La señora Cutler nos veía, sin duda alguna, como un mal necesario. Así que en aquella casa nosotros siempre estábamos unidos frente a «ellos», los de arriba. Según «ellos», nosotros, los criados, nunca podíamos ponernos enfermos, ni vestir demasiado bien, ni tener opiniones distintas de las suyas. Al fin y al cabo, es obvio que si únicamente has ido a la escuela hasta los trece o catorce años, tus conocimientos están muy por debajo de los que tienen arriba, ¿no es cierto? Así que, puestos a tener opinión, lo mejor es coger la de los de arriba, que para eso saben más que tú.

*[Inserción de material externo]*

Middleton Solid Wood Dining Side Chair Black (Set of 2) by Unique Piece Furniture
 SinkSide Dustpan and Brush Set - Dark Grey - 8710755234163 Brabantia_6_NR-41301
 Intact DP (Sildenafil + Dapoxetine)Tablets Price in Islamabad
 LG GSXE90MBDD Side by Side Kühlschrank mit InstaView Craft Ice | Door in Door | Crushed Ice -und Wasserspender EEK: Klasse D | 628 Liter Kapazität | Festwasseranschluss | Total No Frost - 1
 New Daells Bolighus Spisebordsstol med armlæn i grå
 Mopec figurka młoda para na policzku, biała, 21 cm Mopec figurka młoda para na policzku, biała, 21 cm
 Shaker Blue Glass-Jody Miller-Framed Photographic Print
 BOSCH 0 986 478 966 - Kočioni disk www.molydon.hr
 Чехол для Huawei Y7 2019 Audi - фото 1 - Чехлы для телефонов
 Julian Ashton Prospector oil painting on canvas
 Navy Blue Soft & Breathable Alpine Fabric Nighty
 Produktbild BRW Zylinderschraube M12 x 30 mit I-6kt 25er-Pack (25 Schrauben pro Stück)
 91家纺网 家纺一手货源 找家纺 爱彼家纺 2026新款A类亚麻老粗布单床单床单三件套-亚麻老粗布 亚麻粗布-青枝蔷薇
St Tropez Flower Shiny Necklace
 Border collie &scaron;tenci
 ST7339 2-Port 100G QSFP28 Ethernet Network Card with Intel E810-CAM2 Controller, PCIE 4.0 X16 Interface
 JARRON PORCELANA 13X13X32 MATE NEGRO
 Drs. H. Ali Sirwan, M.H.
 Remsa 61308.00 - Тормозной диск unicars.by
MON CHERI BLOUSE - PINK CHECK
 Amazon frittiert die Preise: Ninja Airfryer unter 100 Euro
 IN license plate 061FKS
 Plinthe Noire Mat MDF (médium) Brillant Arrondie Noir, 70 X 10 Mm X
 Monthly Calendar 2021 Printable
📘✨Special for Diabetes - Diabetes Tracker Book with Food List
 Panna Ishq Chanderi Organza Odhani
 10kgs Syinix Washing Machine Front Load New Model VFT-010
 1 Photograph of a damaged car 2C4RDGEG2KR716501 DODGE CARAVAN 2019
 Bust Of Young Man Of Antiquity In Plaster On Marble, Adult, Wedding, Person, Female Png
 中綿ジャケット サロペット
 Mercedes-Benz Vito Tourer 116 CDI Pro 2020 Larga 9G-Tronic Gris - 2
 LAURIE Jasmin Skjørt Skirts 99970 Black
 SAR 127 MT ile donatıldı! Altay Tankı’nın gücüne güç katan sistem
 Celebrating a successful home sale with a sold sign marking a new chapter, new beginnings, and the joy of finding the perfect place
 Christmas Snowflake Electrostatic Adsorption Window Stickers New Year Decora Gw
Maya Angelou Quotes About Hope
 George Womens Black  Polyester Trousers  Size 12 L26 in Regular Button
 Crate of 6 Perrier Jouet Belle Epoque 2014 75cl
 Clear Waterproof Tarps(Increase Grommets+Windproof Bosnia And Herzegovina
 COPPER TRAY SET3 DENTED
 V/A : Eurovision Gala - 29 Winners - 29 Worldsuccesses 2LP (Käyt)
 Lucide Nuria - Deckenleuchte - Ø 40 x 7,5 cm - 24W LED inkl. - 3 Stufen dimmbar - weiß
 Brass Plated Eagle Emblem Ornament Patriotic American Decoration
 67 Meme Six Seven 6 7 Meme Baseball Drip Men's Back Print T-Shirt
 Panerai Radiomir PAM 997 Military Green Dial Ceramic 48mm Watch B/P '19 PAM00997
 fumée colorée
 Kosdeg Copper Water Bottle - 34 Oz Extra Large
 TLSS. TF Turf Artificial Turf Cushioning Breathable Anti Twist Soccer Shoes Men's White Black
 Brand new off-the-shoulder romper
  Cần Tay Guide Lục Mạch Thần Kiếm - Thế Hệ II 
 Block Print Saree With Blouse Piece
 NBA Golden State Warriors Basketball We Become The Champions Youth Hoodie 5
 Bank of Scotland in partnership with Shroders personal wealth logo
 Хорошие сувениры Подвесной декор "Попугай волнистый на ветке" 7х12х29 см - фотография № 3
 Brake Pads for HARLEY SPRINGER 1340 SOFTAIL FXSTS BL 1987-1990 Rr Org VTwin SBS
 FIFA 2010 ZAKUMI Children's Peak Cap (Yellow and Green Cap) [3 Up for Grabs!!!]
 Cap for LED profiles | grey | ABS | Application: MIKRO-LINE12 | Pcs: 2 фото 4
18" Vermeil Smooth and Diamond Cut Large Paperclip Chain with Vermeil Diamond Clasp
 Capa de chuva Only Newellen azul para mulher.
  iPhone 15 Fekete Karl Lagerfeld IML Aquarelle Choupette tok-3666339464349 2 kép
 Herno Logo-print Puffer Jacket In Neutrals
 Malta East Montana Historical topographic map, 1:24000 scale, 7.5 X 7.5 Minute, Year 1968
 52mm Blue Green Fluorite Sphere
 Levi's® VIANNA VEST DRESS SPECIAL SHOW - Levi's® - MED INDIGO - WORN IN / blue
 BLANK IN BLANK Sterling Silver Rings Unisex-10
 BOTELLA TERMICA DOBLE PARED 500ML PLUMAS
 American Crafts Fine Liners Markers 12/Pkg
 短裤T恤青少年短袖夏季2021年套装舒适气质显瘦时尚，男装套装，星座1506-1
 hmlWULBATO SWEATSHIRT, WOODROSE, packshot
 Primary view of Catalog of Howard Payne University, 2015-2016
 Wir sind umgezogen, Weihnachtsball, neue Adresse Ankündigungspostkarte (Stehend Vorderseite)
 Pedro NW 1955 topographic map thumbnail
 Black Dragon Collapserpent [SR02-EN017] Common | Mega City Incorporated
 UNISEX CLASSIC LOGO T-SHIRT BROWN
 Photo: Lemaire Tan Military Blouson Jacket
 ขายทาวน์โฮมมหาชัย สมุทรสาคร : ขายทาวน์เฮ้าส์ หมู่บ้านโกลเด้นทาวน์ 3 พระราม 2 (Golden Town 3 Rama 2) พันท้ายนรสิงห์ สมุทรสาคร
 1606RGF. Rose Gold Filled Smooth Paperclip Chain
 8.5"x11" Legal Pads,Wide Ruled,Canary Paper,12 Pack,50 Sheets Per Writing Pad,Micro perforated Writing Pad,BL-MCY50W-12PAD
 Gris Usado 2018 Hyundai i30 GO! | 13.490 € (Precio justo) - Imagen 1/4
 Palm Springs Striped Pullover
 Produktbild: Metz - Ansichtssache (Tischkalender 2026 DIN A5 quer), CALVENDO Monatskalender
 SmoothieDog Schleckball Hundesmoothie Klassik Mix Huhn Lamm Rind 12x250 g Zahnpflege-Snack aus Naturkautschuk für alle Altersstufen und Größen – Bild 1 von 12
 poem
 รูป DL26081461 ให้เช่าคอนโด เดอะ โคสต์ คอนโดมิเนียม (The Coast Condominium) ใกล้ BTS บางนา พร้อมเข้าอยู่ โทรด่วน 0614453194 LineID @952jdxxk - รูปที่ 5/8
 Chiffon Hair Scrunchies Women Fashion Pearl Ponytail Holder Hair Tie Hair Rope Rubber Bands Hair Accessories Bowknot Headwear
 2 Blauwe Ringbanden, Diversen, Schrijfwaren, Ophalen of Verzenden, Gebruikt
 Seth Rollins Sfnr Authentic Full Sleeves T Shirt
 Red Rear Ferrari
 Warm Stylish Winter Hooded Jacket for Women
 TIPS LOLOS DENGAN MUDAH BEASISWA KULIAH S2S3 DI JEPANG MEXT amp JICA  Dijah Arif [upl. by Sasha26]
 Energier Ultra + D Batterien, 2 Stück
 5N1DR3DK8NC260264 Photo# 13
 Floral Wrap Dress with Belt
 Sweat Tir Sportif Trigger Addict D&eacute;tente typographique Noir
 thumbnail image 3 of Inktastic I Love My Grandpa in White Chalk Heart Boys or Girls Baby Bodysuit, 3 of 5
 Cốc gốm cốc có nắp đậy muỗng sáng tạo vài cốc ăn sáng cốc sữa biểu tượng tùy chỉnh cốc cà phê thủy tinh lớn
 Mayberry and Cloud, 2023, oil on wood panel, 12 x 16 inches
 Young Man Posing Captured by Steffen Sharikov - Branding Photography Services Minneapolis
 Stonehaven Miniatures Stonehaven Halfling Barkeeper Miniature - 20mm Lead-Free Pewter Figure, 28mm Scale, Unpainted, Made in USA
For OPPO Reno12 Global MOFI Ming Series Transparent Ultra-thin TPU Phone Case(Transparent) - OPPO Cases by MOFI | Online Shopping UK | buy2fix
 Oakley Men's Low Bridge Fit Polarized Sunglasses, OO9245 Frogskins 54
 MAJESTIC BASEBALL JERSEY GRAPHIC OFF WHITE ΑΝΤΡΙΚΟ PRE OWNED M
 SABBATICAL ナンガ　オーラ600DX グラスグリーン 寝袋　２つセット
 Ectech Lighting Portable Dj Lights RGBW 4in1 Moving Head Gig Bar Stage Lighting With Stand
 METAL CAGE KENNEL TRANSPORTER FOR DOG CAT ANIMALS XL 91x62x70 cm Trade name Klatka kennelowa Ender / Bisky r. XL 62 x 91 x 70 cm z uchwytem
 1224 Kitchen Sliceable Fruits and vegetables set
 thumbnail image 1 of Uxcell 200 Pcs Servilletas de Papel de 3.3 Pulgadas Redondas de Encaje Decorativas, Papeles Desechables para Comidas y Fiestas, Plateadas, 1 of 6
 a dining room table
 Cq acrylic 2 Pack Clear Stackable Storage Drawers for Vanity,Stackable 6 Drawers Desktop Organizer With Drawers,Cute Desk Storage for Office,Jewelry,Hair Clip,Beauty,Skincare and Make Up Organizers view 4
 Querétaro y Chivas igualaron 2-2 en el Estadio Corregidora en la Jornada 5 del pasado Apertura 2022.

«Ellos», los de arriba, pensaban que los criados no sabíamos apreciar el confort ni la buena vida, por lo que nos contentábamos con cosas ordinarias, trabajar y comer en mazmorras, y retirarnos a dormir en cuartos fríos y espartanos. Al fin y al cabo, ¿por qué molestarse en gastar dinero mejorando y facilitando la vida de un montón de personas a las que no les importa lo más mínimo lo que hagas por ellas? Nunca intentaron averiguar si, de haber mejorado nuestras condiciones, y de habernos puesto dormitorios en lugares agradables para descansar, nos habríamos preocupado más. No, no valía la pena gastar dinero porque los criados nunca se quedaban contigo, hicieras lo que hicieras por ellos. De todos modos, estaba claro que «ellos», ahí arriba, necesitaban vivir en el lujo, y que «ellos» podían honrar la mesa del comedor y tener conversaciones ingeniosas. Lo que quiero decir es que tiene que haber un estrato social en el que la gente pueda moverse de aquí para allá con elegancia y permitirse conversaciones ingeniosas, y nadie puede hacer eso si se dedica a hacer el trabajo difícil. Así que, cuanto más dura hagas la vida de los que trabajan para ti, menos inclinados se sentirán a entablar conversaciones de ningún tipo.
Sin embargo, si «ellos», ahí arriba, hubieran oído las cosas que nos contaban las camareras cuando bajaban, se habrían dado cuenta de que nuestra expresión imperturbable y nuestros respetuosos modales ocultaban sorna y desdén.